[llvm] e981e6d - Add transform for `(and/or (icmp eq/ne A,-1),(icmp eq/ne A,-1+C))`->`(and/or (icmp eq/ne (and ~A,-1+C),0))`
Noah Goldstein via llvm-commits
llvm-commits at lists.llvm.org
Fri Feb 24 13:22:36 PST 2023
Author: Noah Goldstein
Date: 2023-02-24T15:22:09-06:00
New Revision: e981e6d10ed323b8cb9ea1f82723bf3009f0bfc3
URL: https://github.com/llvm/llvm-project/commit/e981e6d10ed323b8cb9ea1f82723bf3009f0bfc3
DIFF: https://github.com/llvm/llvm-project/commit/e981e6d10ed323b8cb9ea1f82723bf3009f0bfc3.diff
LOG: Add transform for `(and/or (icmp eq/ne A,-1),(icmp eq/ne A,-1+C))`->`(and/or (icmp eq/ne (and ~A,-1+C),0))`
This works of `-1+C` is a negative power of 2.

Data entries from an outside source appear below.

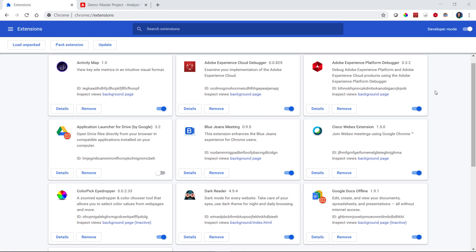Hi, this is Jen Lasser with Adobe Analytics Product Management. In this video, I'm going to highlight a browser extension that you can use to turn Analysis Workspace dark.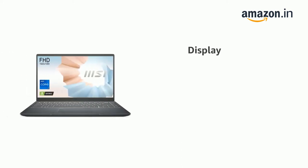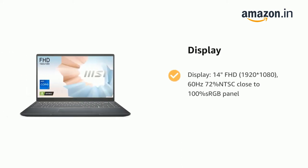It has a Display: 14-inch Full HD 1920x1080, 60Hz, 72% NTSC, close to 100% sRGB panel.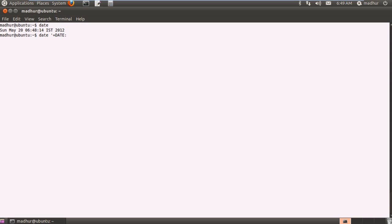And if I then want to put a colon and then if I suppose want to just see the month and a hyphen and the year, I would have to use percentage symbols before %m and %y which are symbols for month and year respectively.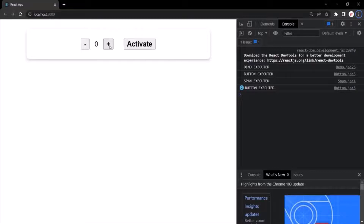What React also does is guarantee the order of state changes for the same type of states. For example, if I click on this plus button, a state change will be scheduled for the new value 1. And when I click on this plus button again, the new state change will be scheduled with the new value 2. React guarantees that the first scheduled state is processed first, and then only the next state is processed. The order is taken into consideration when processing scheduled updates, but it is not necessarily executed immediately.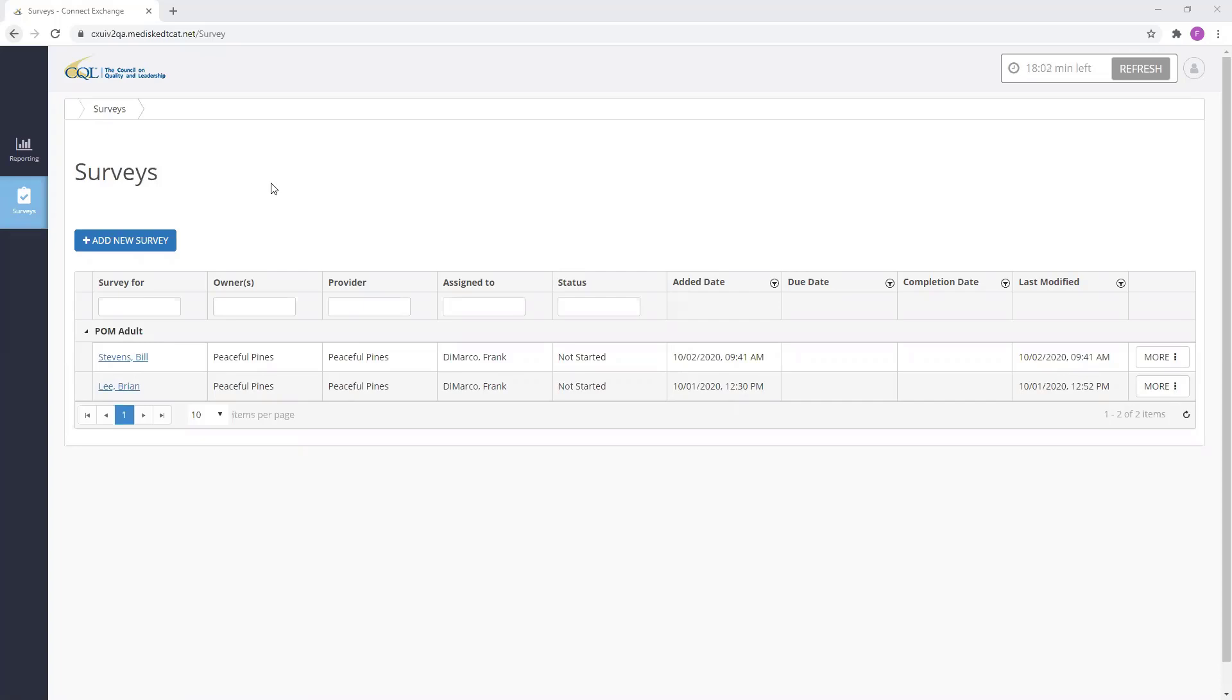This video presentation will provide you with the steps to add and assign a POM survey within the CQL Portal data system, as well as the steps to reassign a survey within Portal.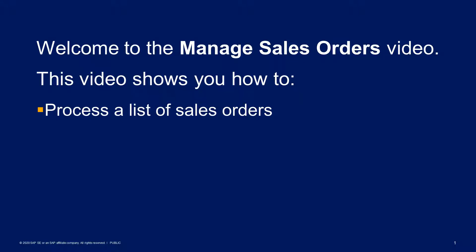Welcome to the Manage Sales Orders video. This video shows you how to process a list of sales orders.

This can be more useful than the `AddAnd` case as `~A` does not
necessarily require materializing a constant. This makes the transform
worth it for X86 vector types.
Alive2 Links:
EQ: https://alive2.llvm.org/ce/z/P6u8cq
NE: https://alive2.llvm.org/ce/z/_Kkqp1
Reviewed By: RKSimon
Differential Revision: https://reviews.llvm.org/D144284
Added:
Modified:
llvm/include/llvm/CodeGen/TargetLowering.h
llvm/lib/CodeGen/SelectionDAG/DAGCombiner.cpp
llvm/lib/Target/X86/X86ISelLowering.cpp
llvm/test/CodeGen/X86/icmp-pow2-diff.ll
Removed:
################################################################################
diff --git a/llvm/include/llvm/CodeGen/TargetLowering.h b/llvm/include/llvm/CodeGen/TargetLowering.h
index 2afb05a8c14c3..f0e250c9fcbce 100644
--- a/llvm/include/llvm/CodeGen/TargetLowering.h
+++ b/llvm/include/llvm/CodeGen/TargetLowering.h
@@ -284,10 +284,11 @@ class TargetLoweringBase {
/// Enum of
diff erent potentially desirable ways to fold (and/or (setcc ...),
/// (setcc ...)).
- enum class AndOrSETCCFoldKind {
- None,
- AddAnd,
- ABS,
+ enum AndOrSETCCFoldKind : uint8_t {
+ None = 0, // No fold is preferable.
+ AddAnd = 1, // Fold with `Add` op and `And` op is preferable.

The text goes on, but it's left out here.